Des combattants de la Mobilisation populaire avec le drapeau irakien, à Tal Afar, le 27 août 2017. / AHMAD AL-RUBAYE / AFP

Les jours de l’organisation Etat islamique (EI) sont comptés dans la province irakienne de Ninive, qu’elle avait en grande partie conquise à l’été 2014. Au terme d’une offensive commencée le 19 août, les forces gouvernementales irakiennes, accompagnées des milices à majorité chiite de la Mobilisation populaire, ont repris ce week-end aux djihadistes leur ultime bastion dans la province, la ville de Tal Afar, à 70 km à l’ouest de Mossoul, d’où les forces de Bagdad avaient chassé les djihadistes début juillet après une bataille de neuf mois.

Samedi 26 août, les forces irakiennes avaient annoncé avoir repris le centre-ville de Tal Afar au terme d’une avancée rapide, ne rencontrant que « quelques poches de résistance », l’EI n’ayant opposé qu’une résistance symbolique. Sur le terrain, les forces gouvernementales continuaient, lundi, de combattre à Al-Ayadiya, un secteur encore sous le contrôle de l’EI, au nord-ouest de la ville, et situé sur la dernière route que peuvent emprunter les djihadistes pour fuir vers la Syrie voisine. Le premier ministre, Haïder Al-Abadi, attendrait la chute de cette localité pour proclamer sur place « une victoire définitive » de Bagdad dans la province de Ninive.

Tal Afar et ses environs, encerclés depuis novembre 2016 et en partie désertés depuis le début de l’année, abriteraient encore plus de 10 000 personnes, contre environ 200 000 à l’été 2014, selon la coalition internationale. Cette dernière avait estimé à près de 2 000 les combattants de l’EI retranchés parmi ces civils. Un nombre qui semble avoir été largement surestimé : l’armée irakienne avait annoncé samedi soir avoir « éliminé » 250 djihadistes depuis le début de l’offensive dans la ville et ses abords, laissant deviner que le gros des forces de l’EI avait renoncé à livrer bataille et avait fui.

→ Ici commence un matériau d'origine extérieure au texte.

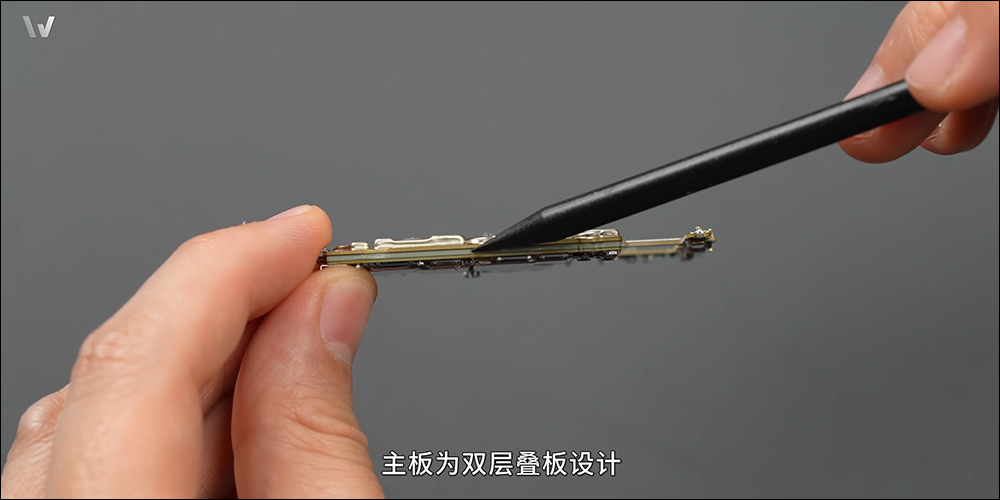 小米 12 Pro 拆解,揭秘全能 Pro 旗艦的機身內部配置 - 電腦王阿達 小米 12 Pro 拆解,揭秘全能 Pro 旗艦的機身內部配置 - 電腦王阿達
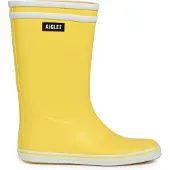 Aigle Boots ' MALOINE 2 ' gul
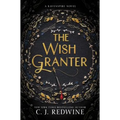 The Wish Granter - Paperback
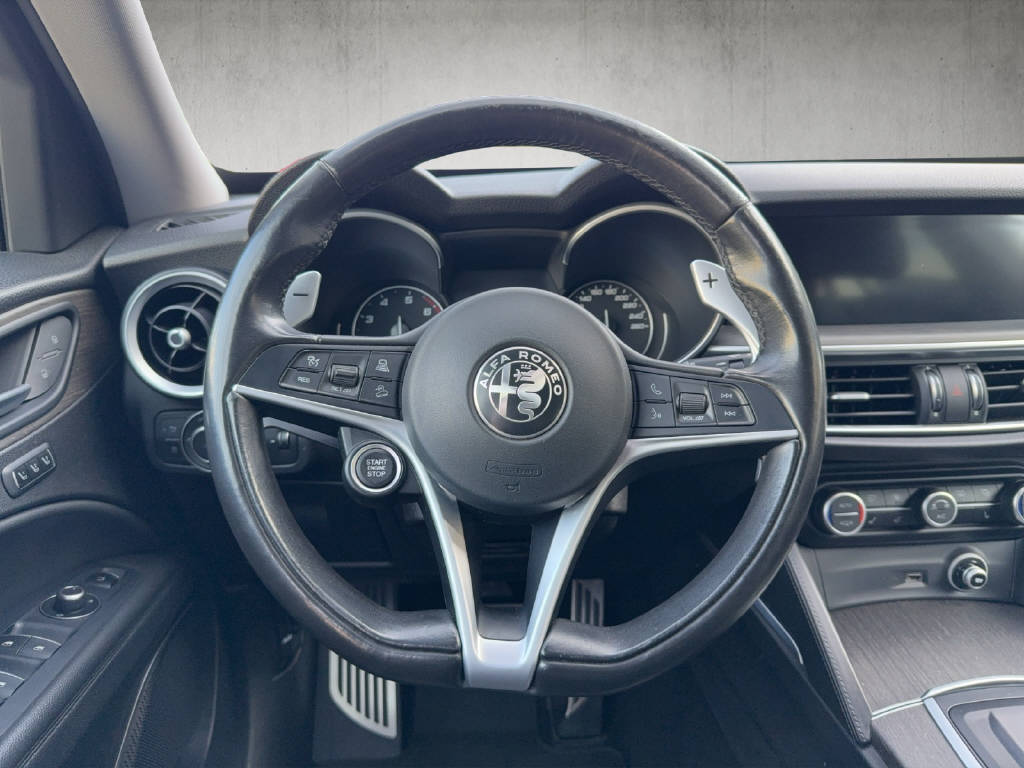 ALFA ROMEO Stelvio 2.0 Q4 280 Super-image-10
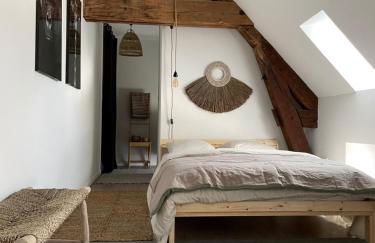 La Cuvée , duplex à Gevrey Chambertin. - Foto 4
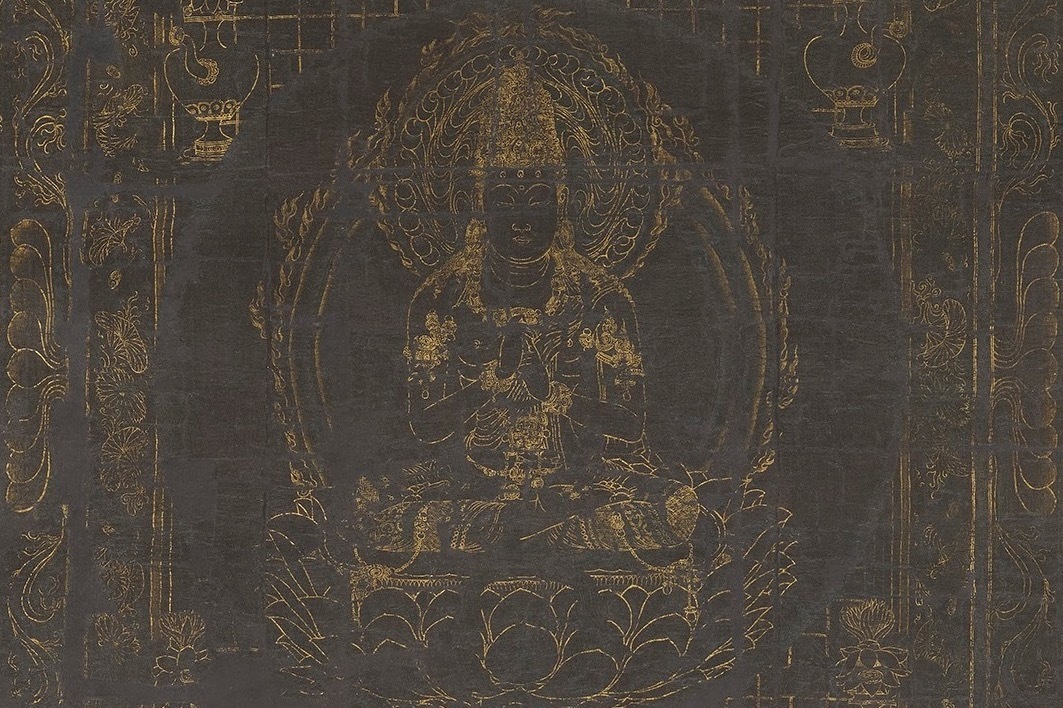 博物館｜空海“密教と曼荼羅”の展覧会が奈良国立博物館で - 修理後初公開《高雄曼荼羅》など、国宝約30件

Le mouvement djihadiste poursuit sa mue

Selon l’analyste et chercheur irakien Hicham Al-Hachimi, qui s’appuie sur des sources sécuritaires, 89 combattants de l’organisation, dont douze russophones et cinq francophones se seraient rendus aux peshmergas kurdes, dimanche, au nord de Tal Afar. Ce printemps, des sources militaires françaises suspectaient déjà la présence dans la ville de djihadistes francophones et de leurs familles qui s’étaient repliés de Mossoul alors que la bataille dans l’ancienne « capitale » du « califat » touchait à sa fin.

Ville étape sur la route de la Syrie, la ville de Tal Afar, à majorité turkmène dans une région majoritairement arabe, a donné à l’EI certains de ses cadres les plus influents tels que Fadel Ahmed Abdullah Al-Hiyali, ancien officier du renseignement militaire irakien donné pour mort en 2014 et chargé de superviser la gouvernance des territoires irakiens de l’EI, ou encore Abou Ali Al-Anbari, ex-numéro 2 de l’organisation, tué en 2016. A l’instar de ces figures, une cohorte de cadres et de combattants originaires de Tal Afar s’était établie à Mossoul à partir de l’été 2014.

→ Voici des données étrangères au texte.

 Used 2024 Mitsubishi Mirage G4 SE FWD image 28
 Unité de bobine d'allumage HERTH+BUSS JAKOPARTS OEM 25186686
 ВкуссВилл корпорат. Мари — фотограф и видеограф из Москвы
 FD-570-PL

Importante, la perte de Tal Afar ne signifie pas pour autant la fin du pouvoir de nuisance de l’EI en Irak. Le mouvement djihadiste poursuit, en effet, sa mue en réseau clandestin et terroriste : les attaques se multiplient dans la province de l’Anbar, dans l’ouest du pays, où la chute du « califat » a laissé de profondes divisions entre ceux ayant collaboré avec l’EI et ceux l’ayant combattu. Dimanche, onze personnes ont encore été tuées dans un attentat à la voiture piégée sur un marché de la capitale, Bagdad.